Builds My first 80 Series (2 Viewers)

This site may earn a commission from merchant affiliate
links, including eBay, Amazon, Skimlinks, and others.

It is a beast of a cylinder head
 
Decided to order some parts on Black Friday as I wait on the machine shop.
image.jpeg
 
It towed great behind my Trooper, better than I expected! I was probably at the tow capacity for it.

The previous owner had a shop with scrap metal and said I could use his welder, drill press, and anything else I needed. I just used a piece of angle iron bolted on each frame rail top with a couple of Isuzu ISO #9 bolts. I can't recommend what I did for towing, but for my temporary use needs it worked flawlessly. 2 bolts isnt much, but than again many tow bars only use 2 bolts that aren't fine thread either. I'll try to post a pic up later.

Word to the wise, if flat towing slow way down below recommended speed limits on curvy roads. The Cruiser didn't like tracking back and forth.


I flat towed my much lighter Wrangler behind my rather large F-150 (Super Crew 4x4 Max Tow with 600lbs in the bed for weight) and almost stuffed it into the concrete wall of an overpass (wet pavement and the MTs on the Wrangler didn't help). I can't say I recommend flat towing if a better option is available -- the lack of tongue weight doesn't offer a pleasant towing experience imo.
 
Yeah, it got the job done for me too, I fab'd a similar setup and used a tow bar, but I almost peed myself just a little outside of Chicago.
 
The worst problem I had was a 2 lane quick/short winds that the 80 did not want to track on. It was hair raising. I don't care to do that again.
 
Seriously considering returning the Beck Arnley head bolts as they are made in China unless I hear a convincing argument otherwise. Also, the box the gasket set came in was huge and packed well which was good considering the actual gasket set box was slightly open and head gasket was peeking out an inch but best I can tell is ok. Nevertheless, I contacted the vendor.
 
Seriously considering returning the Beck Arnley head bolts as they are made in China unless I hear a convincing argument otherwise. Also, the box the gasket set came in was huge and packed well which was good considering the actual gasket set box was slightly open and head gasket was peeking out an inch but best I can tell is ok. Nevertheless, I contacted the vendor.

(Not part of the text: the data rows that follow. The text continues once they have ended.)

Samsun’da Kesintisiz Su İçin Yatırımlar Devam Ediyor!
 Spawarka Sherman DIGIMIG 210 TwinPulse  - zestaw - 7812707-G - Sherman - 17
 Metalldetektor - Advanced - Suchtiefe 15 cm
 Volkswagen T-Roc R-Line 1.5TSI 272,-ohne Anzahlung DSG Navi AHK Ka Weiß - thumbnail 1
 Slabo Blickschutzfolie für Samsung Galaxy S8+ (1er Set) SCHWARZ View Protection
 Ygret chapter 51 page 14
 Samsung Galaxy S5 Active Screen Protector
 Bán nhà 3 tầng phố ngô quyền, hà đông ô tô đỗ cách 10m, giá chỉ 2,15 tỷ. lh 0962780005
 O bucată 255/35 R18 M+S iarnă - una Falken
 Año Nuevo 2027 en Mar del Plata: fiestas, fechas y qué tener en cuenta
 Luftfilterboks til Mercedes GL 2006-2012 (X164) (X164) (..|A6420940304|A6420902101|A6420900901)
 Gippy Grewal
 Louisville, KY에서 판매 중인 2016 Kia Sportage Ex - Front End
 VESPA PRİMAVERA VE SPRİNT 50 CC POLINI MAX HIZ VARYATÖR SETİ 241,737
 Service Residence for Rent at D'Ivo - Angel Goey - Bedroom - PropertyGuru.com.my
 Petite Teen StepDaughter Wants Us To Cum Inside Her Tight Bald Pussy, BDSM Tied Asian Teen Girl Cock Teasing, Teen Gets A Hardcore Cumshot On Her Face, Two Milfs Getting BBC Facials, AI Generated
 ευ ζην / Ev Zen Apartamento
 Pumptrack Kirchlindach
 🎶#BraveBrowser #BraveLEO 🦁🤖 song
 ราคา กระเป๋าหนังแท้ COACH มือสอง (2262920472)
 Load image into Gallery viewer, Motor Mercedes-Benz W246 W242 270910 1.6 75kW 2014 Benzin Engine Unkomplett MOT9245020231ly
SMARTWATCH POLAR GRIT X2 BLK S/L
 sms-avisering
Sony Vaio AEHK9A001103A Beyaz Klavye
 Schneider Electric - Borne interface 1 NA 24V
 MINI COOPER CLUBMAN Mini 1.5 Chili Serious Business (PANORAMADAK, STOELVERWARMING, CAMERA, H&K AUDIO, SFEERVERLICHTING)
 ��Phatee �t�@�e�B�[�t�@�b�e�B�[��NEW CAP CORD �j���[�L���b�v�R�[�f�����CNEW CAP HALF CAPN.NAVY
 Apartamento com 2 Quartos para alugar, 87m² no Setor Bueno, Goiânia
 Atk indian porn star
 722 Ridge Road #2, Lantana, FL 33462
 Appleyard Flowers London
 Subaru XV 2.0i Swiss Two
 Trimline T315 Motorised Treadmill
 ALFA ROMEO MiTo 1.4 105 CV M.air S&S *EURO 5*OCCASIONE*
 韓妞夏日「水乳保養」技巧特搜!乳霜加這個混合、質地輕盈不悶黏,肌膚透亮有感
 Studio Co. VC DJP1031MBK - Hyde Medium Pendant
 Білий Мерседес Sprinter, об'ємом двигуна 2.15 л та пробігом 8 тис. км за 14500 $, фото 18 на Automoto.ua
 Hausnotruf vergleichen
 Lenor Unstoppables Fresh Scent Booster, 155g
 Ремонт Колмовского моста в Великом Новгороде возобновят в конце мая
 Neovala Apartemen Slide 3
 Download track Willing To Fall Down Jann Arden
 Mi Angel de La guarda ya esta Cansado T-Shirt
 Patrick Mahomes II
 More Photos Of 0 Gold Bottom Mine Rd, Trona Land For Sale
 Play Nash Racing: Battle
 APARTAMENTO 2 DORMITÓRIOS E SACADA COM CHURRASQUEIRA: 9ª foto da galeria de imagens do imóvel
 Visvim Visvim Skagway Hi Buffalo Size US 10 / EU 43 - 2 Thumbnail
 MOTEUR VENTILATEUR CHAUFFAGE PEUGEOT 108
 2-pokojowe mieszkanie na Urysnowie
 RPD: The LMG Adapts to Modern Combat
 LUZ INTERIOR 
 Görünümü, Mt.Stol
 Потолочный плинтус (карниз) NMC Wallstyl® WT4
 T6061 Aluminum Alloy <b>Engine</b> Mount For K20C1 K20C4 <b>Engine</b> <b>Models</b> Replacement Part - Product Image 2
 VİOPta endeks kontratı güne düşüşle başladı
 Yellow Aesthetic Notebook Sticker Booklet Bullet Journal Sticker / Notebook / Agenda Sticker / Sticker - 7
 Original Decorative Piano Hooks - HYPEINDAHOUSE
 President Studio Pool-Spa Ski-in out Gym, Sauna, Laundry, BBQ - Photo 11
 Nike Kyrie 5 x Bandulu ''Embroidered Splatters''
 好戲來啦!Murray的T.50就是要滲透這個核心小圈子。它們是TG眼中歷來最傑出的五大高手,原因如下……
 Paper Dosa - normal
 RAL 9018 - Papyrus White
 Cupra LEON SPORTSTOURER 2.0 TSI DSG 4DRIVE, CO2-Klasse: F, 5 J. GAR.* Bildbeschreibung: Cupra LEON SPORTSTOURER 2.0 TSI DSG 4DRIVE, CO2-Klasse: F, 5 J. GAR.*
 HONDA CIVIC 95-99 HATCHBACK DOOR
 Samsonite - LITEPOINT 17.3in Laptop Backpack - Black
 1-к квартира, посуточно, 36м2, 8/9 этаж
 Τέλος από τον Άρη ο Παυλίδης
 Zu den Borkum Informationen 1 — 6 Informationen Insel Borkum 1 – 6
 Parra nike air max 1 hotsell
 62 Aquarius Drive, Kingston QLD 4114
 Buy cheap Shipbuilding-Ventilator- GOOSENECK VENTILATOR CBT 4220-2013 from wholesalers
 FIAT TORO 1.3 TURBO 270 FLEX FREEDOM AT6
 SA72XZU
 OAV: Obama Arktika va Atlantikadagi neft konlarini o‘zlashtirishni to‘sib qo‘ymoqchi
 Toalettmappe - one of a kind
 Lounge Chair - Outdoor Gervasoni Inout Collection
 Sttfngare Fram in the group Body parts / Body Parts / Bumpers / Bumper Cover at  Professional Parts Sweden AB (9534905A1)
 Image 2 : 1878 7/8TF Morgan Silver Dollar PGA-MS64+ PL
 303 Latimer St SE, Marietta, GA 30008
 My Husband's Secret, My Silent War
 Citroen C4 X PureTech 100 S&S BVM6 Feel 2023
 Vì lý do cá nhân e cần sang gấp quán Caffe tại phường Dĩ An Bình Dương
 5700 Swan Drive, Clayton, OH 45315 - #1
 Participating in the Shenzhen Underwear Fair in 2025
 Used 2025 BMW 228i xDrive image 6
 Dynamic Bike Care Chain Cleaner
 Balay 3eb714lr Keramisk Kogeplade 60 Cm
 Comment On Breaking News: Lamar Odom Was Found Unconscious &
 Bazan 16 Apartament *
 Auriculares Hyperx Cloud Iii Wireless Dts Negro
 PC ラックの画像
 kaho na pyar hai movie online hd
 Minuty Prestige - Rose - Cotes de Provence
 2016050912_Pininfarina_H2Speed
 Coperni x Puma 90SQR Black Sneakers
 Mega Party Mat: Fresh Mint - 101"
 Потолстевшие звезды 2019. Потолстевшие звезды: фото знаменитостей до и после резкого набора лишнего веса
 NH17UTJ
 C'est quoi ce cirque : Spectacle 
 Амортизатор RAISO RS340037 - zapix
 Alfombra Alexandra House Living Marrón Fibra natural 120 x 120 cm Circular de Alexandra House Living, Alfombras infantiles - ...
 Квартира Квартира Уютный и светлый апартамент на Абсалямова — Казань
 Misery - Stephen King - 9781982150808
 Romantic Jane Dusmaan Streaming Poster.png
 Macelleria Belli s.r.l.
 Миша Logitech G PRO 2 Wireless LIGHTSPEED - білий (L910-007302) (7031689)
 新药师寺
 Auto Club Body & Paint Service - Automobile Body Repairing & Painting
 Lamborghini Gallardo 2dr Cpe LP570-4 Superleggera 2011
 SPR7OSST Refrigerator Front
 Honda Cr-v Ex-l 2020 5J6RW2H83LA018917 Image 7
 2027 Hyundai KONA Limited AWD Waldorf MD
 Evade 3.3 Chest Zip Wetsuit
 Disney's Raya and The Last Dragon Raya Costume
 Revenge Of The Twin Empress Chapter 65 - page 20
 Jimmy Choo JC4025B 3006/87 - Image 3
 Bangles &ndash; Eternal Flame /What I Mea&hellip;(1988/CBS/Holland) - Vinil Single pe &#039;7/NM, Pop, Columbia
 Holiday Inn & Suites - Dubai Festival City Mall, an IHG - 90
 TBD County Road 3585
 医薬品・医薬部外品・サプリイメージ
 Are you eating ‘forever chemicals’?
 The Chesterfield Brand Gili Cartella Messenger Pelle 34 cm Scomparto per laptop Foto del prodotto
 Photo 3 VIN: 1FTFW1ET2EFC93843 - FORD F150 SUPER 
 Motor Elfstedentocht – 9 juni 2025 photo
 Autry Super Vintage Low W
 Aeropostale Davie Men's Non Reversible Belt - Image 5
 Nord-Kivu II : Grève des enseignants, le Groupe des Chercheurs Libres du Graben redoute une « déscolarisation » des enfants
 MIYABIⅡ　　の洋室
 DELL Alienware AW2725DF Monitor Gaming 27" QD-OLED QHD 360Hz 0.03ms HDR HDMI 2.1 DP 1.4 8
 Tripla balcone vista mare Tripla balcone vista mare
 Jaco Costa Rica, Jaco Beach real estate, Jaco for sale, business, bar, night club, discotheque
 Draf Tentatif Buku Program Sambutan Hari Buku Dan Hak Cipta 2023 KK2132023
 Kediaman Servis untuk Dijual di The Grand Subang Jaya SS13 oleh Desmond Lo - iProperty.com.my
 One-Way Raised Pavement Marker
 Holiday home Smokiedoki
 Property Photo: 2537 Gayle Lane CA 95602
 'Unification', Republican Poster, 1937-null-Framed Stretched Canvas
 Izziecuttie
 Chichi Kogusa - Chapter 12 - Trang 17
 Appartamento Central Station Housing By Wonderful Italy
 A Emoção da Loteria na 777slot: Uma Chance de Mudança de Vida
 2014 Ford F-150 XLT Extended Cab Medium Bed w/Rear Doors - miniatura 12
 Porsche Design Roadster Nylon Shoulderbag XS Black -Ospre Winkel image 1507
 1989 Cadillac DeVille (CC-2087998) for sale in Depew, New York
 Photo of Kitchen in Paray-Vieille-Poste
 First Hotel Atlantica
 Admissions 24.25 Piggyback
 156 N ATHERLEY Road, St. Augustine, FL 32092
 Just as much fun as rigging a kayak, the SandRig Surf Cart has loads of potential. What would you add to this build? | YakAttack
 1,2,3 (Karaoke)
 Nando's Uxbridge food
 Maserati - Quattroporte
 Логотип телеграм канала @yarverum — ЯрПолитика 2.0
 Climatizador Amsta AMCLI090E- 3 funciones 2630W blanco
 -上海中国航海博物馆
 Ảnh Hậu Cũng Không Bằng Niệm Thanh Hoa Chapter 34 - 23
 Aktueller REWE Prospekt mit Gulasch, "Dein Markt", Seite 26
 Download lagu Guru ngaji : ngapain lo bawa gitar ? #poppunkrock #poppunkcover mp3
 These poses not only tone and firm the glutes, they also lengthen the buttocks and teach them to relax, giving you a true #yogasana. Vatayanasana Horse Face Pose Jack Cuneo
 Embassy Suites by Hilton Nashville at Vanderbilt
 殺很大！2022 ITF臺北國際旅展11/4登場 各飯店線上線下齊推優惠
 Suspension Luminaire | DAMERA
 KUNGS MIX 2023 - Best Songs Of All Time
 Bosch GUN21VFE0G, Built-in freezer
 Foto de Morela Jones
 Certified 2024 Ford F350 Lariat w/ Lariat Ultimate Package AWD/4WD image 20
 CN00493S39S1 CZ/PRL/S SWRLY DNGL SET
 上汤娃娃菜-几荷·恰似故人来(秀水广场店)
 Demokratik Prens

Dude take it from a previous engine builder, do not use Chinese steel on anything for your motor. I understand cutting costs but never on your engine.
 
Thanks guys! I'm happy with everything except the Beck Arnley parts. The Ishino Stone gasket set is made in Japan and I used it on my 2F. It may be the OEM supplier.

I stopped by the machine shop today and had him inspect the parts. He said the head gasket looked very high quality and that he would not be afraid of the Chinese head bolts. I asked him if he ever saw a TTY head bolt fail and he said only when reused. This is interesting because the FSM says you can reuse head bolts if they are in spec. All of mine are in spec.
 
So, the head bolts went back Thursday and I sold my OEM front bumper today. I'm going to have the valve cover, oil pan, and timing cover bead blasted at the machine shop to clean them up a bit.
 
Getting a little ancy about making progress while waiting on the machine shop. Decided to install the diff lock computer. Pulled the passenger door sill with a trim removal tool, cleaned the mess underneath and mounted the computer. I had to clean and oil the threads as there was some paint build up on it. The harness was waiting right there for me.
image.jpeg
image.jpeg
image.jpeg
image.jpeg
 
image.jpeg
image.jpeg
image.jpeg
image.jpeg
Moving right along, I pulled the combination meter and installed the sockets and bulbs for the front and rear differential locks and did the temperature gauge resistor mod. I fished out the harness for the differential lock switch and put it all back together. I did remove the upper column cover which has 2 screws and I removed the circuit board to solder the resistors in putting them in the middle of the air space for maximum cooling.
 
Also interesting to note is that the air filter clogged lamp in the cluster doesnt connect to anything on the circuit board.
 
Last edited:
Tonite I removed the back seat and carpet over the fuel pump service cover to change the fuel pump sock. I started thinking about the e-locker swap coming up and wondering about the wiring. Someone told me that I may only need the front and rear harness as the Collectors Edition may be mostly pre wired. Not real sure where to begin here if anyone could chime in. I need to know where to look. I have what I believe to be a set of 96 LC front and rear elocker axles and most of the wiring harness. If it is pre wired, where are the dead end plugs I plug in to? Thanks!